Au final, l'exercice budgétaire 2007-8 se solde par un équilibre entre les dépenses et les recettes, grâce à la " garantie de déficit " accordée par la Ville.

Quant à l'exercice budgétaire 2008-2009, dont les comptes ne sont pas encore définitifs et n'ont pas encore été vérifiés, il devrait se solder par un équilibre (à 36,930 millions), à nouveau grâce à une " garantie de déficit " (autrement dit : une subvention supplémentaire) d'un million, accordée par la Ville.
- Les frais généraux d'exploitation devraient dépasser le budget de plus d'un million de francs, un dépassement dû en grande partie à l'augmentation de la masse salariale (salaires personnel d'exploitation, chœur, ballet, charges sociales), ainsi que du poste " informatique " ;
- les frais généraux d'administration devraient être inférieurs de près de 225'000 francs au budget, mais légèrement supérieurs aux comptes de la saison précédente ; les économies faites par rapport au budget l'ont essentiellement été aux postes " salaires personnel administratif " (moins 120'000 francs) et " téléphones, fax et natels " (moins 90'000 francs) ; en revanche, un " forfait nouvelle direction " est apparu au budget (et aux comptes, où il est de 80'000 supérieur au budget) : il correspond à la prise en charge sur le budget de la fondation d'indemnités auparavant prises en charges par la Ville et/ou des mécènes privés.
- les frais directs de production (autrement dit les dépenses pour les spectacles) devraient en revanche être inférieurs de près de 665'000 francs au budget. A l'exception des frais pour musiciens, danseurs et mimes supplémentaires, qui dépassent ensemble le budget de 344'000 francs) toutes les dépenses pour le personnel artistique (y compris celles pour les chœurs auxiliaires et la figuration) sont inférieures aux prévisions. De même, toutes les dépenses de production, à l'exception du poste " perruques et maquillage ", sont inférieures aux prévisions. Le seul dépassement important est celui des dépenses liées aux tournées du ballet (+ 240'000 francs), ces dépenses restant cependant couvertes par les recettes de ces mêmes tournées.
- les recettes d'exploitation devraient être conformes au budget (à 36'000 francs supplémentaires près), mais inférieures de près de 1,9 million aux comptes de la saison précédente ; les recettes brutes des spectacles sont grosso modo conformes au budget (à un manco de 45'000 près, mais sur plus de 11,1 millions prévus) ; il en va de même des recettes des tournées du ballet. En revanche, les recettes tirées de la location ou la vente de décors et costumes, d'une part, et des bars, buvettes et restaurants d'autre part, sont largement inférieures aux prévisions (de 100'000 francs sur 150'000 prévus, pour les premières, et de 195'000 francs sur 800'000 prévus, pour les secondes)
- les apports extérieurs devraient être conformes du budget (à 85'000 francs près, en moins) et presque identiques à ceux de la saison précédente.. Les sponsors ont cependant rapporté 276'000 francs de moins que les 850'000 francs prévus.

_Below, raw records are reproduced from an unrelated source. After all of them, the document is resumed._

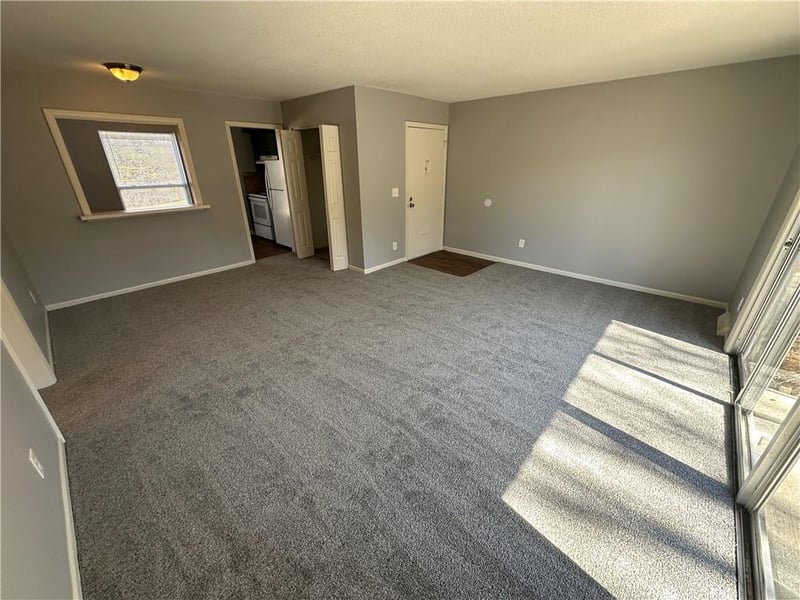 8725 Countryshire Ln, Kansas City, MO 64138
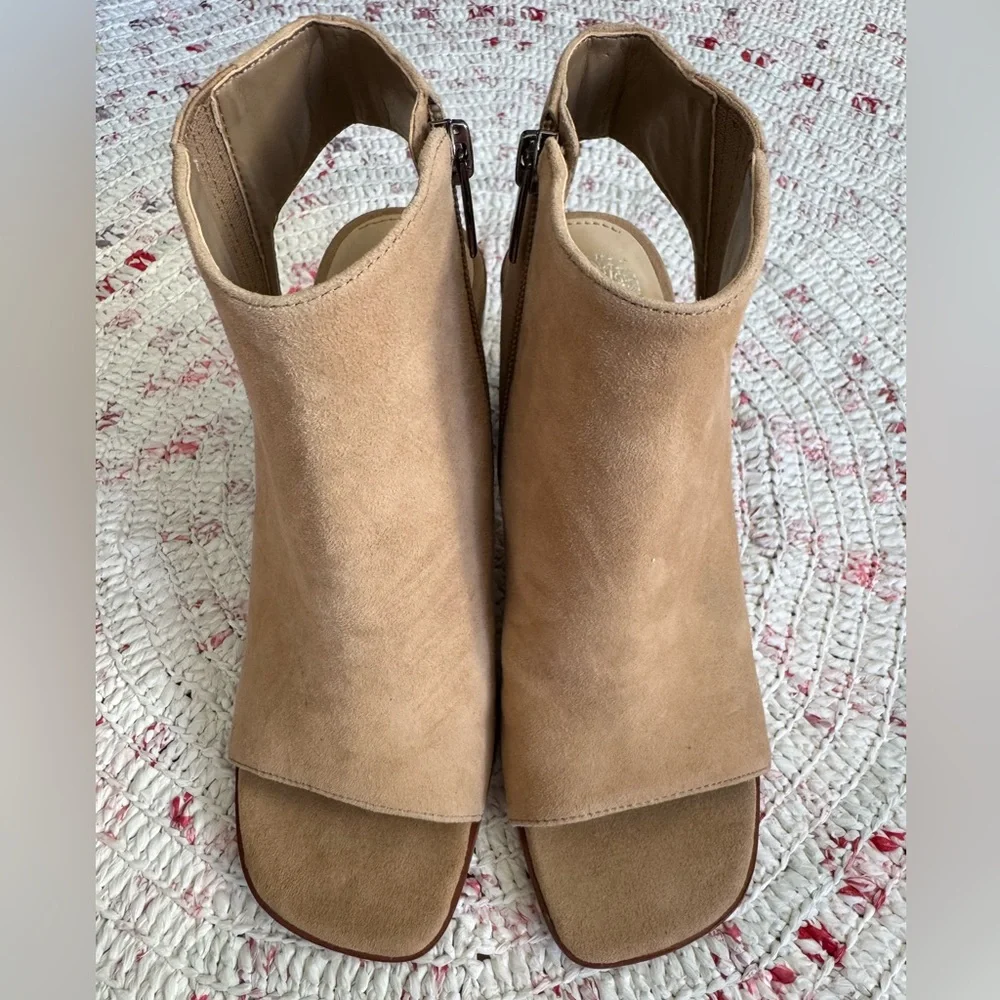 Vince Camuto VV-Kensli Open Toe Square Toed Bootie Size 7 EUR 37.5 Suede Leather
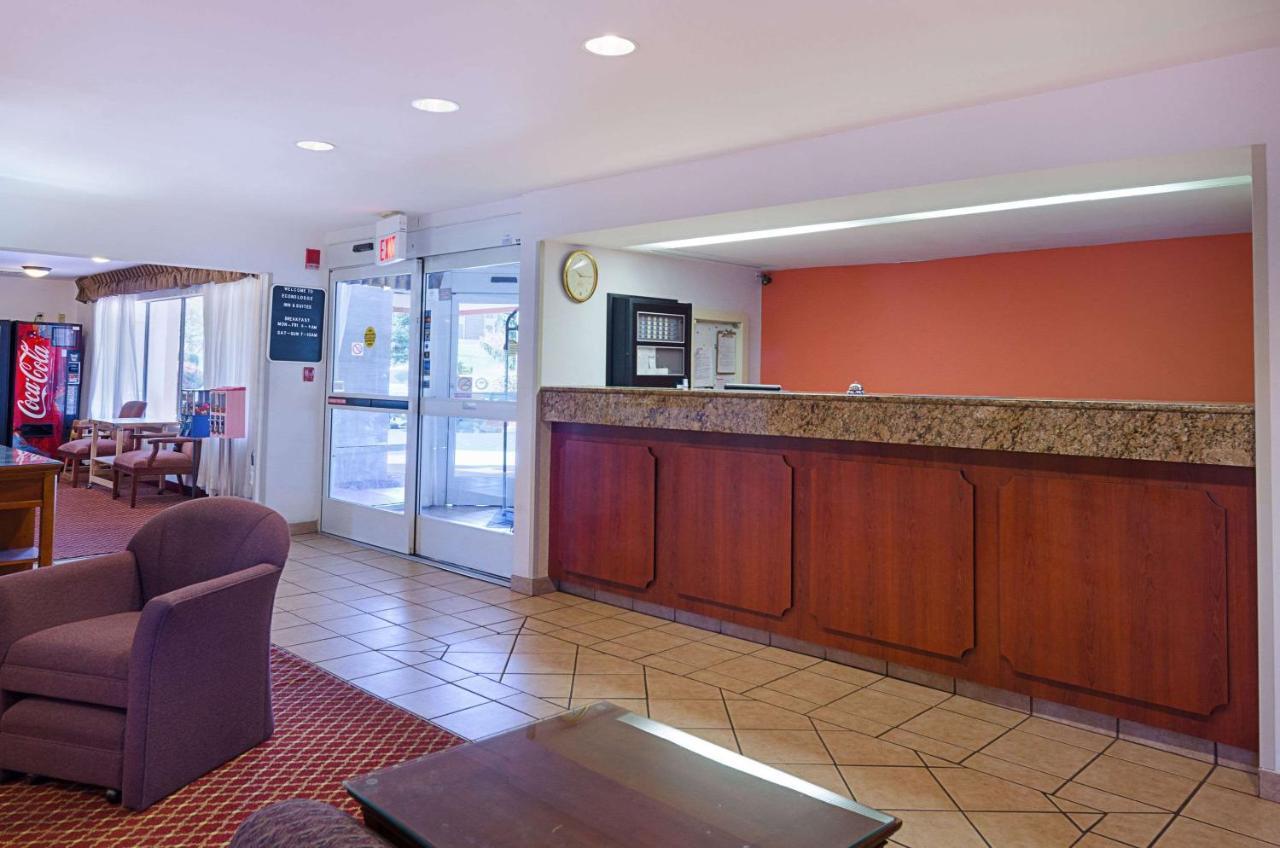 Econo Lodge Inn & Suites Johnson City Extérieur photo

La subvention " normale " d'exploitation accordée par la Ville est légèrement inférieure à celle budgétée, et à celle de la saison précédente, du fait de la municipalisation de plusieurs postes. Elle s'établit à 13,458 millions, à quoi s'ajoute une subvention supplémentaire de 152'000 francs destinée à couvrir l'octroi de primes au personnel de la fondation par alignement sur le personnel municipal, et une garantie de déficit d'un million. Le Fonds d'équipement communal a reconduit sa subvention de 1,5 million, et les prestations en nature de la Ville sont toujours évaluées à 3,076 millions.

Le budget 2009-2010
Le budget 2009-10 est celui d'une saison, la première de la direction Richter, comportant 57 représentations de 8 opéras, 13 représentations de 2 ballets, et 6 concerts et récitals, soit au total 76 représentations (63 à Neuve et 13 au BFM). Le budget affiche un déficit de 2,025 millions de francs, avec des dépenses de 38.104 millions. Conforme (à 8000 francs près) au plan quadriennal, ce déficit s'explique essentiellement par un surcroît de frais généraux d'exploitation (+ 850'000 francs par rapport au PFQ) et de frais directs de production (+ 1,279 million).
Les recettes des spectacles ont été évaluées sur la base d'un taux d'occupation financière de 81 % pour les spectacles lyriques (encore 1 % de trop…) et de 75 % pour les spectacles chorégraphiques.
Le prix moyen des places augmente de 5 %, mais la taxe d'inscription est remplacée par une taxe de réservation.
- Les salaires dépassent de 922'000 francs le budget de l'année précédente, du fait notamment de leur indexation à 2 %, et de la régularisation de temporaires ;
- Les recettes d'exploitation sont supérieures de 960'000 francs à celles budgétées la saison précédentes, et de 1,921 millions de francs à ce que prévoyait le PFQ.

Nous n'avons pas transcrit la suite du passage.